I've come across a few errors in the pattern instructions for Cotton Cardigan from Sarah Dallas Knitting. The first snag I found was in the start of the garter rib panel on the left front. If you follow the instructions as written, it will not use all the stitches on the needles. I decided to do an online search to find out if there were any corrections published for this sweater. I found corrections for other patterns in the book, but not any for this one.

I did however, find many opinions and reviews that may have dissuaded me from purchasing this book in the first place had I read them. I'm glad I didn't know about them though, because I really like the items in this book and plan to knit several of them. The biggest complaint most people have is that the photographs, though beautiful, do not show the knitted items clearly. I had noticed this myself and it is a little frustrating, but not a huge problem for me.

The most troubling complaint is that many people commented on the large number of errors in the patterns. I assume they were speaking from the personal experience of knitting these patterns, but they never elaborated on what the errors were. Perhaps they were just repeating something they had heard others report. So far I have knitted only two patterns from this book. The first, a pair of mittens, was error free. The second, is the sweater I'm working on right now. Here are the corrections I've made to the pattern so far (corrections are in red bold caps):

Sarah Dallas Knitting
Cotton Cardigan

Page 22
Left Front
Row 1 K14 (19: 18: 23), *P2, K2, rep from*
FOUR times, P2, K10 (8: 12: 10).

Page 23
Shape neck
Bind off 8 (9: 9: 10) sts, PURL to end. Dec 1 st at
neck edge on next 6 rows.

Page 23
Row 1 K16 (17: 18: 19) *P2, K2, rep from*
THREE times, P2, K16 (17: 18: 19).

When I'm finished knitting this sweater, I'll submit these mistakes and any others I may find to the publisher. I think I have corrected the mistakes as the designer intended the pattern to be in the first place, but who knows? These corrections work though and result in a look exactly the same as the photographed sweater in the book.

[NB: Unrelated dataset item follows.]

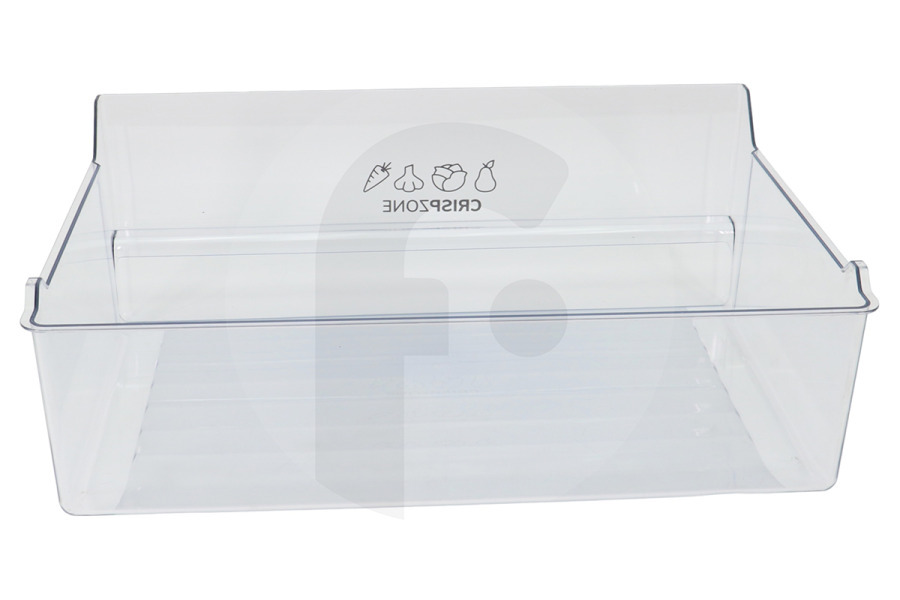 Hisense Congelatore Cassetto congelatore Hisense HK4155756 Frigo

The yarn I'm using is Cestari, 75% cotton, 25% wool. It is manufactured by the sheep and shepherds of Chester Farms in Churchville, Virginia. I like the description on the label: An all natural, very unique yarn. I'm enjoying knitting with it, but I have to be careful about not knitting too long in one sitting as cotton can give your hands more of a work out than wool. The texture of this yarn is a little on the rustic side and I really like that.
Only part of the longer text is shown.